Scraped caption text data
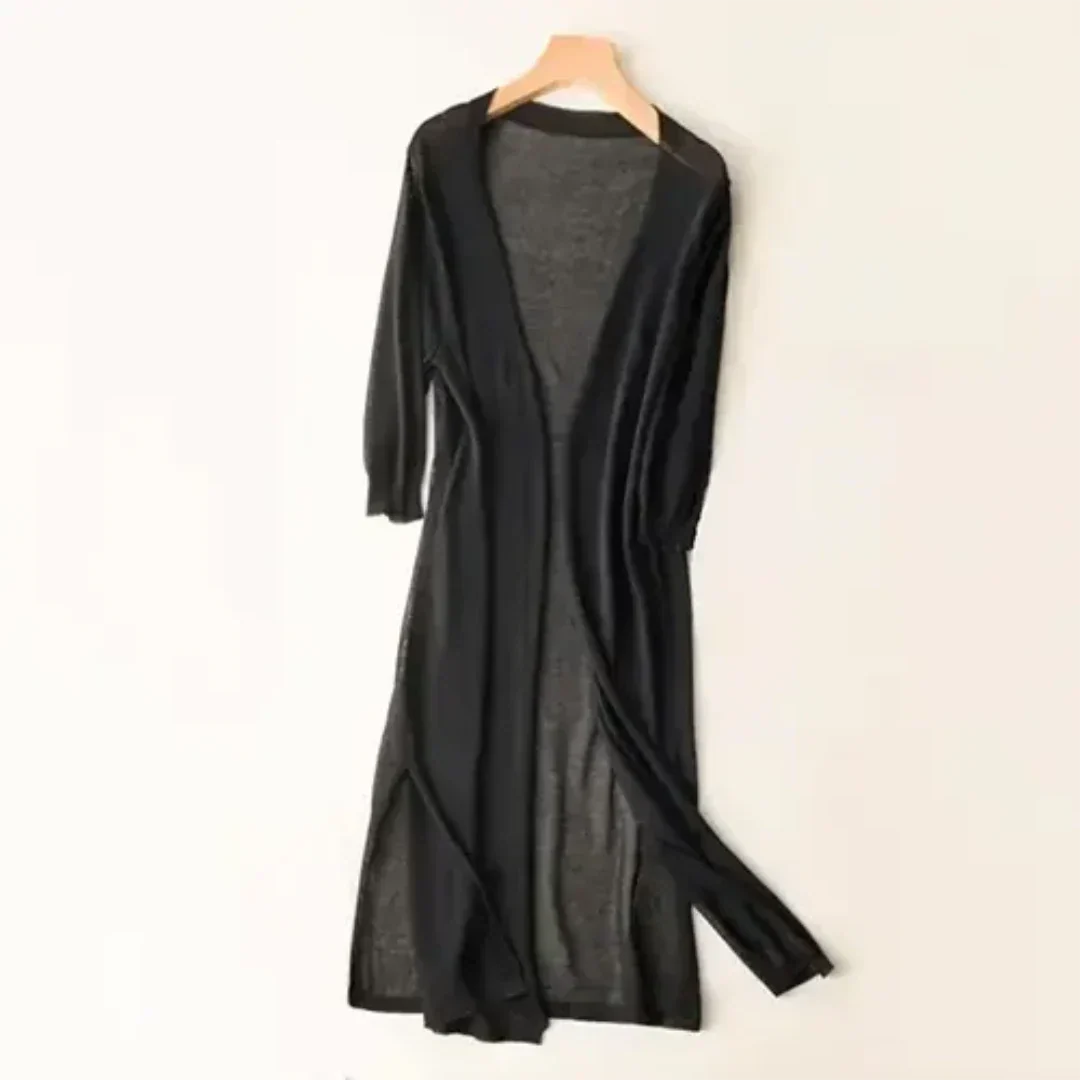 Cardigan Donna Manica Lunga Lunga Vestibilità
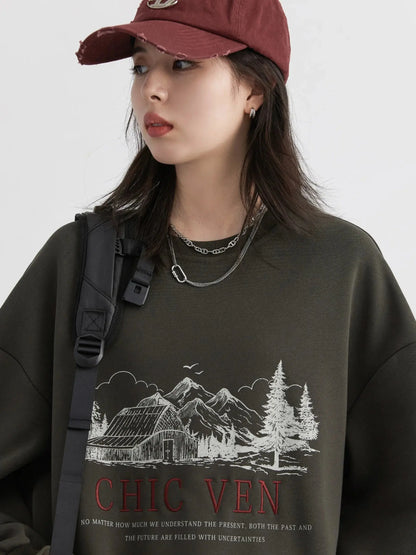 Retro Letter-Embroidered Oversized Sweatshirt - Loran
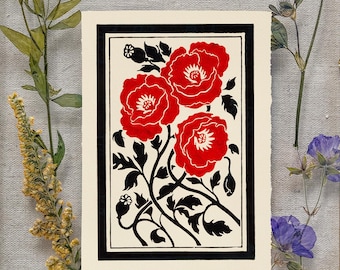 Poppies Red flowers with black buds and stems original Linocut blockprint floral  Plants & Nature, botanical print by Contemporary Artist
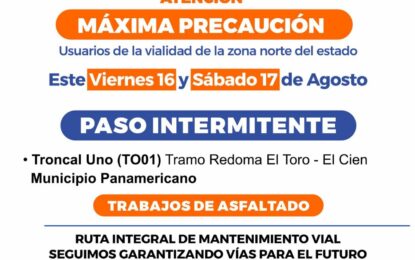 Paso intermitente en vialidad de la zona norte Troncal Uno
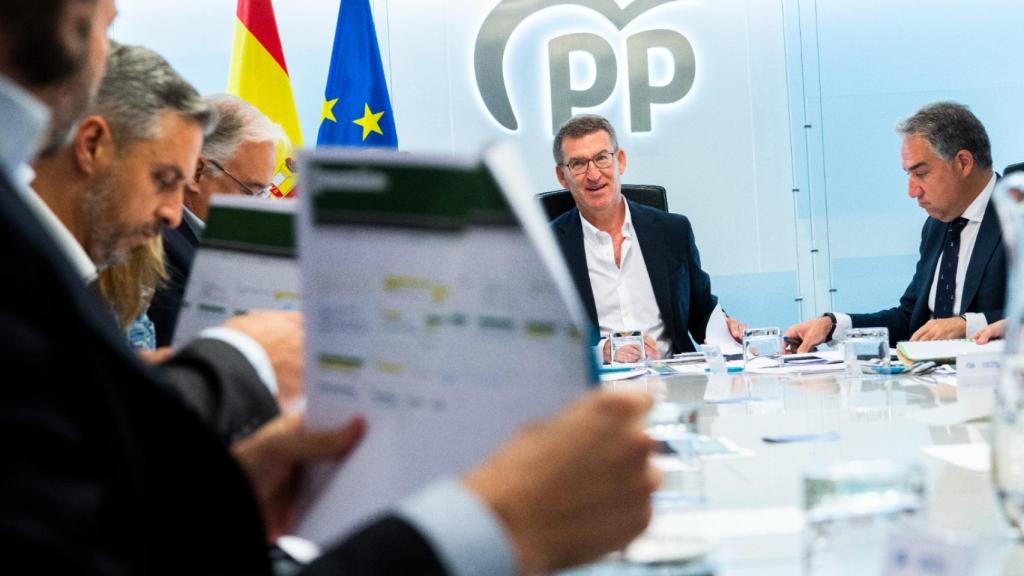 Alberto Núñez Feijóo, líder del PP, este lunes durante el comité de dirección de su partido.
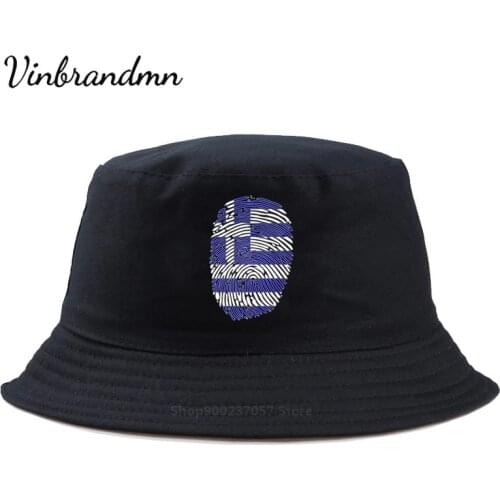 2021 New Fashion Greece Flag Fingerprint Panama Bucket Hat Men Women cartoon Bucket Cap Hat Fishing Fisherman Hat girl boy hats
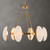 6 Light Oviform Round Ceiling Chandelier - 30.25" - White and Gold - IMAGE 2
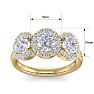 2 Carat Round Shape Halo Diamond Three Stone Ring In 14K Yellow Gold Image-5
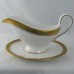 Spode Mandarin Gold Gravy Boat & Stand 8.5" long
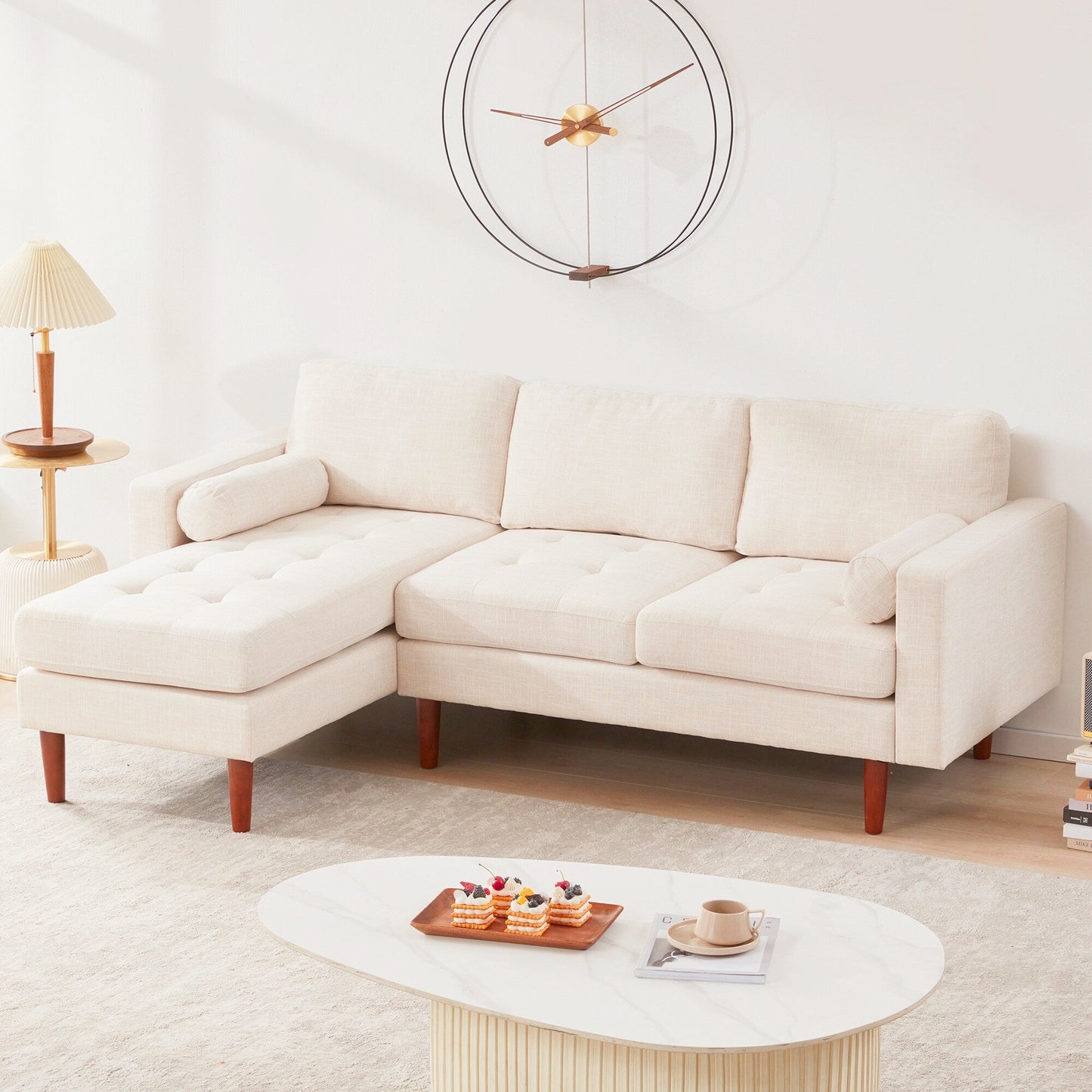 Divano componibile a 3 posti a L in lino beige 80 con chaise longue reversibile, cuscino di seduta trapuntato e robusta struttura in legno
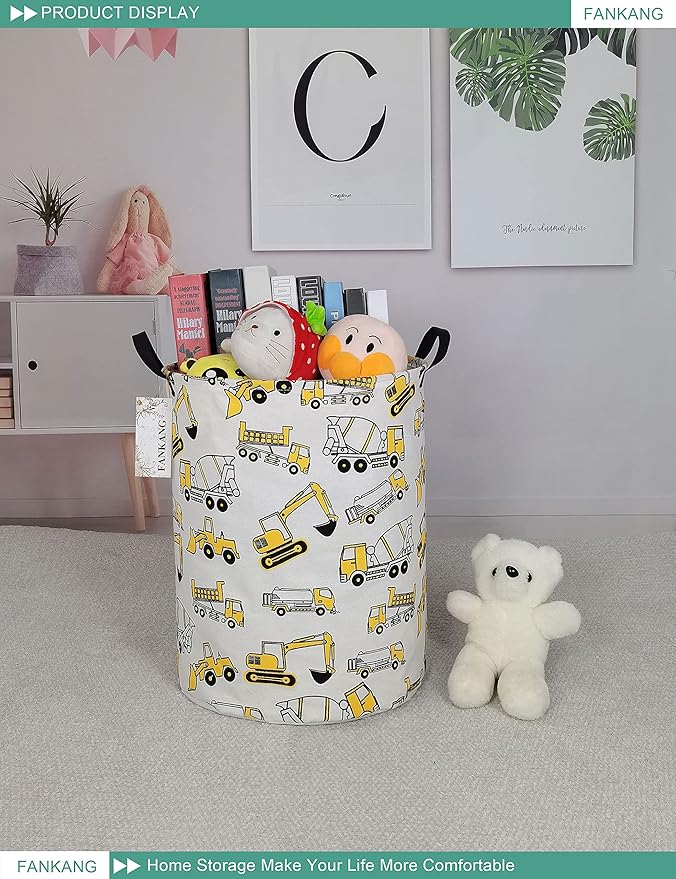 FANKANG Storage Basket, Nursery Hamper Canvas Laundry Basket Foldable - Image 3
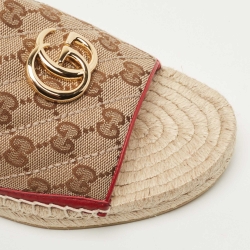 مملوكة مسبقًا Gucci Beige/Brown GG Canvas Double G Espadrille Flat Slides Size 40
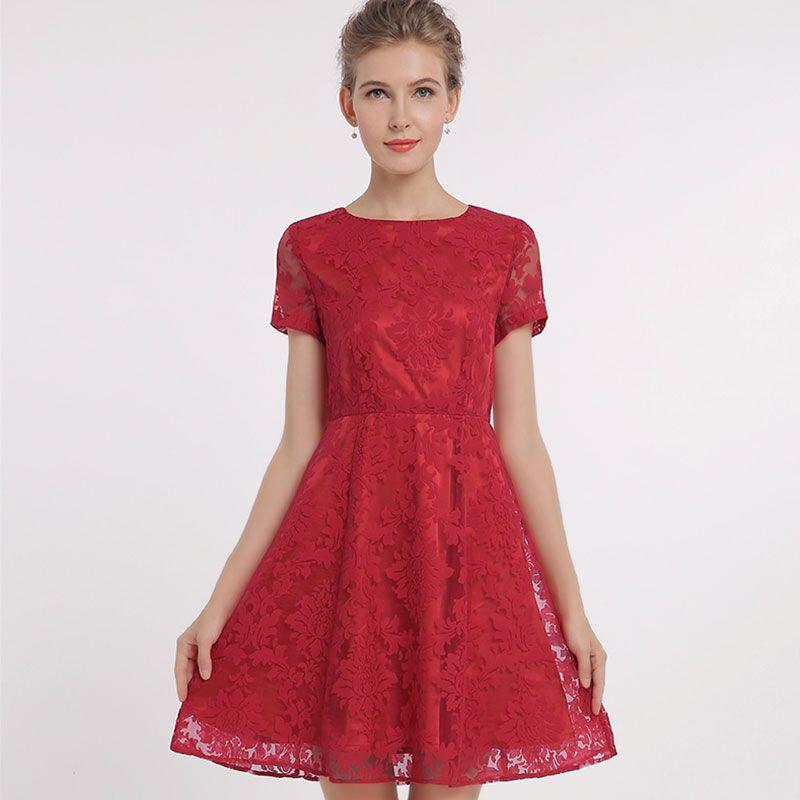 

French Style Organza A- line Bubble Lace Dress Red L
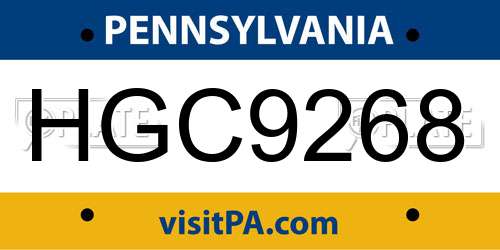HGC9268 Pennsylvania License Plate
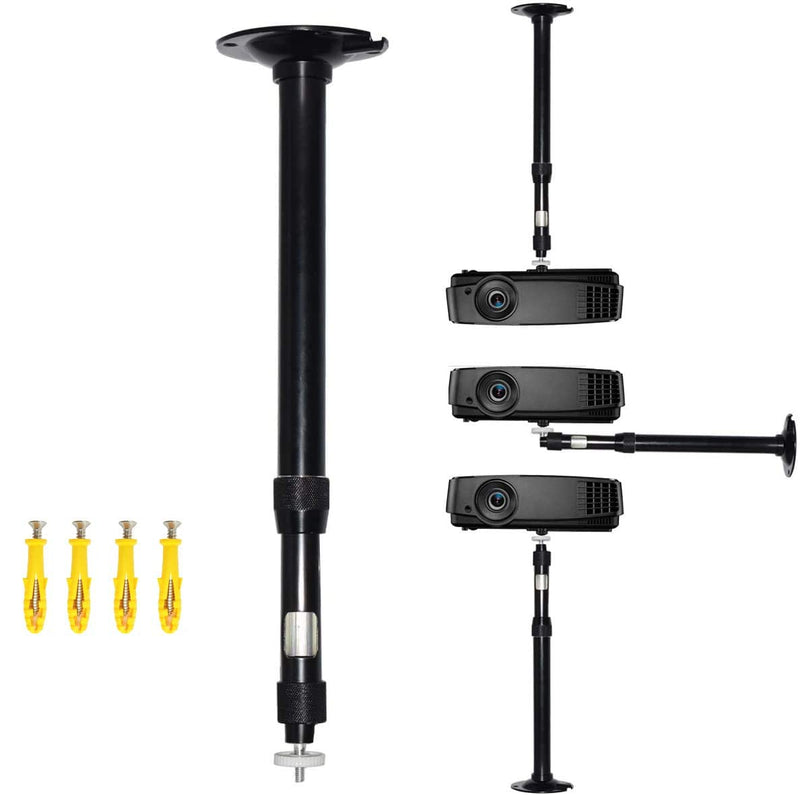 [Australia - AusPower] - Projector Ceiling Mount Height Extendable 14-23.7 in / 37-60 cm Projector Wall Mount 360° Adjustable Video Projector Mount Projectors Mount for Camera Black 14-23" adjustable height, black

▶ [Exercise objective]: Write out the entries above verbatim; the pictures do not belong in your copy.

▶ [Written answer]:
 Cardigan Donna Manica Lunga Lunga Vestibilità
 Retro Letter-Embroidered Oversized Sweatshirt - Loran
 Poppies Red flowers with black buds and stems original Linocut blockprint floral  Plants & Nature, botanical print by Contemporary Artist
 Paso intermitente en vialidad de la zona norte Troncal Uno
 Alberto Núñez Feijóo, líder del PP, este lunes durante el comité de dirección de su partido.
 2021 New Fashion Greece Flag Fingerprint Panama Bucket Hat Men Women cartoon Bucket Cap Hat Fishing Fisherman Hat girl boy hats
 6 Light Oviform Round Ceiling Chandelier - 30.25" - White and Gold - IMAGE 2
 2 Carat Round Shape Halo Diamond Three Stone Ring In 14K Yellow Gold Image-5
 Spode Mandarin Gold Gravy Boat & Stand 8.5" long
 Divano componibile a 3 posti a L in lino beige 80 con chaise longue reversibile, cuscino di seduta trapuntato e robusta struttura in legno
 FANKANG Storage Basket, Nursery Hamper Canvas Laundry Basket Foldable - Image 3
 مملوكة مسبقًا Gucci Beige/Brown GG Canvas Double G Espadrille Flat Slides Size 40

French Style Organza A- line Bubble Lace Dress Red L
HGC9268 Pennsylvania License Plate
 [Australia - AusPower] - Projector Ceiling Mount Height Extendable 14-23.7 in / 37-60 cm Projector Wall Mount 360° Adjustable Video Projector Mount Projectors Mount for Camera Black 14-23" adjustable height, black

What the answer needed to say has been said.